Capital
- Country: United Kingdom
- Broadcast area: United Kingdom International (via Online)
- Headquarters: Leicester Square, London
- Branding: The UK's No.1 Hit Music Station

Programming
- Language(s): English;
- Format: CHR

Ownership
- Owner: Global

History
- Launch date: 3 January 2011; 15 years ago
- Replaced: Galaxy Network; The Hit Music Network;

Coverage
- Stations: See list

Links
- Webcast: Global Player
- Website: www.capitalfm.com

= Capital (radio network) =

British radio network

Capital is a network of twelve independent contemporary hit radio stations in the United Kingdom, broadcasting a mix of local and networked programming. Ten of the stations are owned and operated by Global, while the other two are owned and operated under separate franchise agreements.

As of December 2025, the stations serve a combined weekly audience of 6.8 million listeners and target a core audience in the 15–34 age group; 57% of all listeners are within this demographic. The national version of the network is widely available on Global Player, Freeview, Sky, Freesat, Virgin Media and Digital One DAB. Capital is the fifth most-popular radio network in the UK by listeners, and the second largest of the commercial stations after Heart.

Capital has a playlist which is updated weekly, and up until around February 2022, featured songs from the last one or two years. Since 2022, Capital has started playing older songs from the 2010s, 2000s, and late 1990s, with most of them played on their sister station Capital Anthems; although unlike fellow hit music station BBC Radio 1, it doesn't usually play any rock or alternative music (Capital's sister network Radio X was the only station that fully plays alternative and indie rock) while other genres such as drill and occasional drum and bass were played on Capital Xtra and Capital Dance respectively.

==History==

===Capital Radio, GWR and GCap Media===
Capital started as the independent music radio station for London in the early 1970s.
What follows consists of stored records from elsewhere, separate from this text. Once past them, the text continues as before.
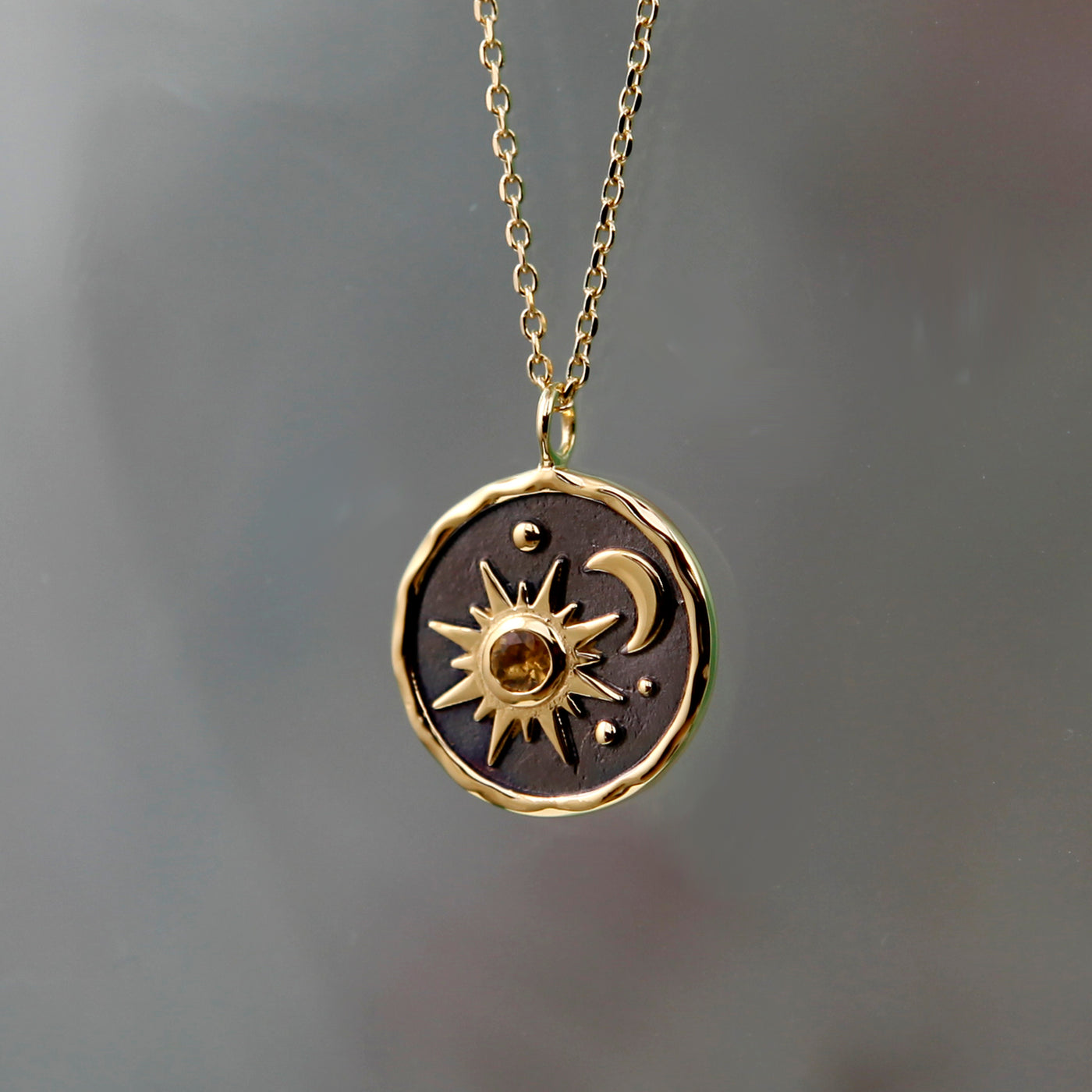 Gold Sun & Moon Pendant Necklace With Natural Citrine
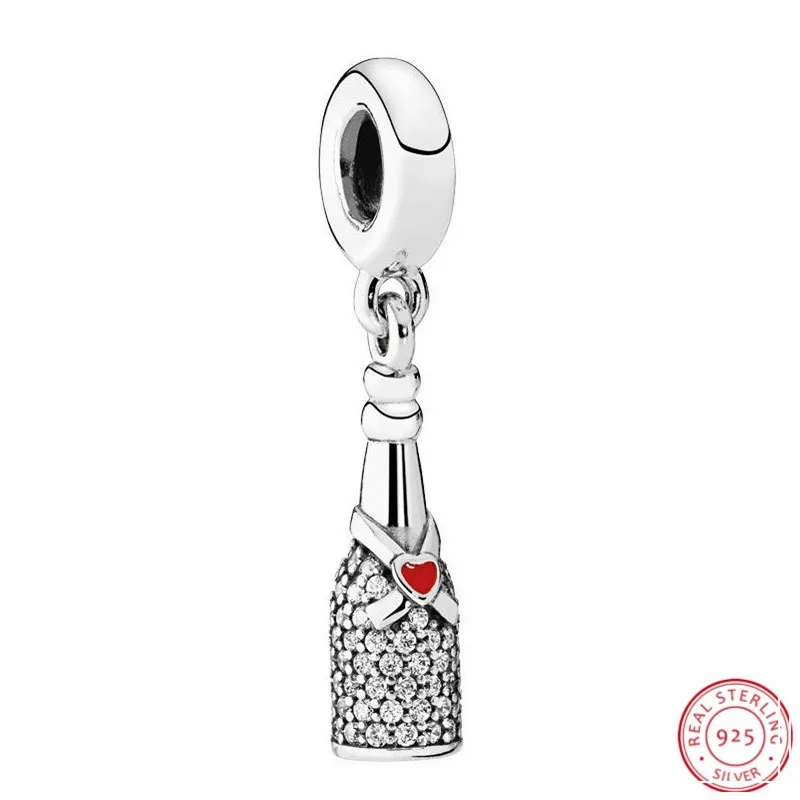CZ& Эмаль бутылка Bubbly праздничный кулон времени бусины для самостоятельного изготовления ювелирных изделий Fit PANDORA Подвески Серебро 925 FL591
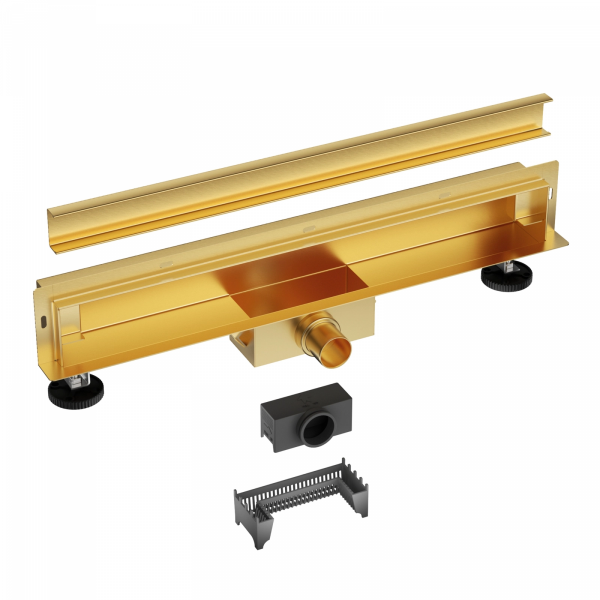 Balneo WDrain NEXT odpływ liniowy ścienny dwustronny 90 cm złoty szczotkowany A0301030102-4 WYSYŁKA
In the 1990s, Capital Radio became one of the UK's major radio groups via acquisition of a number of local radio stations including Red Dragon FM, BRMB and Power FM. Rival GWR Group also acquired a number of local radio stations in the 1990s, including Leicester Sound, Ram FM, GWR FM, Chiltern FM, Hereward FM, Marcher Sound and Trent FM, which operated as part of the 33-station Mix network.

Capital Radio and GWR Group's merger in 2005 to form GCap Media resulted in the stations being amalgamated into the One Network. This continued until June 2009 when most of the stations, now in the ownership of Global Radio — who had purchased GCap in 2008 — were rebranded as part of The Heart Network. This left Leicester Sound, Ram FM, Red Dragon FM and Trent FM, which, in 2008, were grouped together to form The Hit Music Network with networked content produced in Nottingham, although, apart from The Big Top 40 Show, the networked content did not appear on Red Dragon. In January 2011, these stations were rebranded as part of Capital, with the Leicester, Derby and Nottingham stations merged to form one regional station for the East Midlands.

===Galaxy===
The first Galaxy radio station, Galaxy 97.2, was launched in 1990 in South West England – initially broadcasting solely from Bristol – and operated under the Chiltern Radio Group. In 1994 the station won the first regional FM licence and moved frequency to 101.0 MHz, rebranded as Galaxy 101 and expanded coverage to include South Wales. At the same time a second studio was opened in Cardiff to provide some programming alongside the existing Bristol studio. Chrysalis Radio purchased the station in 1996 and, a year later, expanded the network by buying Faze FM's stations: Kiss 102 in Manchester and Kiss 105 in Yorkshire. In 1998, black community station Choice FM was acquired in Birmingham. Chrysalis Radio won the North East regional licence in 1999 and sold the original station, Galaxy 101, to the GWR Group in 2002 (this station is now Kiss 101).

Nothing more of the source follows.